Editorial, HORIZONT Nummer 15

Gruselkabinett im Zentrum.

371.000 Zuseher konnten vorigen Sonntag „im Zentrum“ verfolgen, in welch niedrige Sphären unsere politische Gesprächskultur gesunken ist – so niedrig, dass man sich als Österreicher geniert und verstohlen zu Anne Will zappt, die sich mit dem aktuellen Papst-Thema ja auch kein leichtes ausgesucht hat. „Das Match um die Hofburg, harte Bandagen gegen den amtierenden Bundespräsidenten“ lautete das Thema, und geboten wurden in dieser Stunde hauptsächlich neue und alte Frechheiten gegen Heinz Fischer. Die Riege der Eingeladenen sollte garantieren, dass Ingrid Thurnher das Ruder mal wieder völlig entglitt und sie außer einem hilflos wirkenden „So nicht meine Herren, so nicht meine Herren“ nichts tun konnte, um die Diskussion auf ein halbwegs salonfähiges Niveau zurückzuführen.

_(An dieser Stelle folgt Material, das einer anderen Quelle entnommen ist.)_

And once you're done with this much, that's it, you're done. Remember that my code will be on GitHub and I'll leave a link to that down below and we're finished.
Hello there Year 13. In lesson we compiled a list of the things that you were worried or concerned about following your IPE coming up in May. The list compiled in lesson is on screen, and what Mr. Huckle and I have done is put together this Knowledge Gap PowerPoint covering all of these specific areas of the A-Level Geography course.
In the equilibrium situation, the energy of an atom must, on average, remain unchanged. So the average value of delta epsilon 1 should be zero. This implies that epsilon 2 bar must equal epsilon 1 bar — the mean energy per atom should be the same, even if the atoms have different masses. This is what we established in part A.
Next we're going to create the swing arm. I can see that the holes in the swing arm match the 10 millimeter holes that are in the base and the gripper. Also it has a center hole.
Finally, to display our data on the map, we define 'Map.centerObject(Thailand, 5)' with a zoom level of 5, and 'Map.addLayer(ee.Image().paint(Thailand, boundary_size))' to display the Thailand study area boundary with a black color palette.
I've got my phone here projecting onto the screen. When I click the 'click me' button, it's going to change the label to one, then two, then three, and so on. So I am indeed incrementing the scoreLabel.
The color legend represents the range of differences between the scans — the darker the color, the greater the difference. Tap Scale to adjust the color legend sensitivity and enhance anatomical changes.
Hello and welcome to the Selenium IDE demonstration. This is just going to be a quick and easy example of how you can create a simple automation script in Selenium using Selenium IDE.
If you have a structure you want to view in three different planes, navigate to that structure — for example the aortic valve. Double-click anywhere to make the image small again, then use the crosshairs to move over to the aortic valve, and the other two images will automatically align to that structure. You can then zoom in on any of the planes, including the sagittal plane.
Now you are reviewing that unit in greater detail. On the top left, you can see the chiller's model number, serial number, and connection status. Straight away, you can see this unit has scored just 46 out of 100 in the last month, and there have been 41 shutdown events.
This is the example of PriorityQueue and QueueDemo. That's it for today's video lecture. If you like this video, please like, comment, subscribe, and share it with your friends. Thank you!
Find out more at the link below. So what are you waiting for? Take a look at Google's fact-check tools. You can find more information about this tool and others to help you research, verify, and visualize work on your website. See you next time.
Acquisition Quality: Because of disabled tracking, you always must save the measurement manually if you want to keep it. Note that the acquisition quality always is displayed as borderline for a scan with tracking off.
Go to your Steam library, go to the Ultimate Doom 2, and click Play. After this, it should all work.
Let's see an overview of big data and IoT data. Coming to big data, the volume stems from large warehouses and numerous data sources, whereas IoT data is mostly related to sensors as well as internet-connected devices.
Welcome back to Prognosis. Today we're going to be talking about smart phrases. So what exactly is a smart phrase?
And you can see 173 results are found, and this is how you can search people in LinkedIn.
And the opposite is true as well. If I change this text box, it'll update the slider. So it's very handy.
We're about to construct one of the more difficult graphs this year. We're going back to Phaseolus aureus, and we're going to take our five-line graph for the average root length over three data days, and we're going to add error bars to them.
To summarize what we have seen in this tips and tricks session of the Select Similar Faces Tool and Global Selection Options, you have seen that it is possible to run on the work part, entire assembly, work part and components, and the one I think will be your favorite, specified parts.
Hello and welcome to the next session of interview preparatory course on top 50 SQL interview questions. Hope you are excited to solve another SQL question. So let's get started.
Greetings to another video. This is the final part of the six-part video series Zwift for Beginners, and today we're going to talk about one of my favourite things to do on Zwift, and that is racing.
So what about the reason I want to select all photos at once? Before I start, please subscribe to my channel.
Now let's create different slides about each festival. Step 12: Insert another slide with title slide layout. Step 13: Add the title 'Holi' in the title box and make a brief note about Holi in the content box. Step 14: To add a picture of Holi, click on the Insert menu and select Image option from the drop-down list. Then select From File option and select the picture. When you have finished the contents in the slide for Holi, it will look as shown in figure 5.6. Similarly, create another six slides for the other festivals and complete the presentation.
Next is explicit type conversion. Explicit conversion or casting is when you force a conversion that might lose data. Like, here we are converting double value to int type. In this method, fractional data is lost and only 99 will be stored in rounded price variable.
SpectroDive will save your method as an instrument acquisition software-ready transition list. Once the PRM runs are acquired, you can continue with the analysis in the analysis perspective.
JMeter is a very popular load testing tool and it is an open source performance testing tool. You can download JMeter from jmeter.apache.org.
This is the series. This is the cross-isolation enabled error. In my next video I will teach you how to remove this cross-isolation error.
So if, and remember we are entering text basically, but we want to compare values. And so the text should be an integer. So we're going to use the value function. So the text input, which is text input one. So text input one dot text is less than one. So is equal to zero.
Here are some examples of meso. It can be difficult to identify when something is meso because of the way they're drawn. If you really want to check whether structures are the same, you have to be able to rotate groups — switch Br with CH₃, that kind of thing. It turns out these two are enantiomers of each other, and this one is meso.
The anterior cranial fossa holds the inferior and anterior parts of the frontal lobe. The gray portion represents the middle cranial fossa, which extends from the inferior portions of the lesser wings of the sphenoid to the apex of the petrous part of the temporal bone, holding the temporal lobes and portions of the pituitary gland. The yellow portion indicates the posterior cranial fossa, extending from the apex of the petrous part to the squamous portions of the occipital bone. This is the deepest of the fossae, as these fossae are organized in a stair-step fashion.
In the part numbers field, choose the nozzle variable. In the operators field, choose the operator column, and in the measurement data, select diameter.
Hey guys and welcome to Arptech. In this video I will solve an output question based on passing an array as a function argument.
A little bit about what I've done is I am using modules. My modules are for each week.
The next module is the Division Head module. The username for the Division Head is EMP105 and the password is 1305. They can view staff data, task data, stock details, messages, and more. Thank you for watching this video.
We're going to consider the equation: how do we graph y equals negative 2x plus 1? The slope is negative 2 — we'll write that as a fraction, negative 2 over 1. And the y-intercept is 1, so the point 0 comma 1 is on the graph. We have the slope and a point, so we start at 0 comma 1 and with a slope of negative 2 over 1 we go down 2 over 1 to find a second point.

Dafür sorgten Herbert Haupt in gnadenloser Verteidigung der unglückseligen Präsidentschaftskandidatin Barbara Rosenkranz und ein betagter, offensichtlich in einer anderen Welt lebender Richard Piaty aus dem Unterstützungskomitee für Rudolf Gehring, der vor laufender Kamera zugab, den vom ihm so protegierten Kandidaten auch erst seit ein paar Stunden zu kennen. Mangels vernünftiger Argumente für Gehring erging sich Piaty in wilden Anschuldigungen in Richtung des Bundespräsidenten.

Warum der ORF mit Rudolf Streicher und der im Alter immer blasierter wirkenden Heide Schmidt gleich zwei ehemalige Präsidentschaftskandidaten (gegen Klestil I) eingeladen hat, weiß niemand. Die Zusammensetzung der Diskutanten ergab jedenfalls ein Durchschnittsalter von 69, was wohl für den Schnitt der österreichischen Bevölkerung ebenso wenig repräsentativ ist wie die minutenlangen Schreiduelle, die sich Haupt, Piaty und Co lieferten und die nur das Prädikat „unerträglich“ verdienen. Für seine Verhältnisse moderat gebärdete sich Andreas Khol, der sich wieder zu keiner Wahlempfehlung aufraffen konnte, aber sich wenigstens nicht im Ton vergriff.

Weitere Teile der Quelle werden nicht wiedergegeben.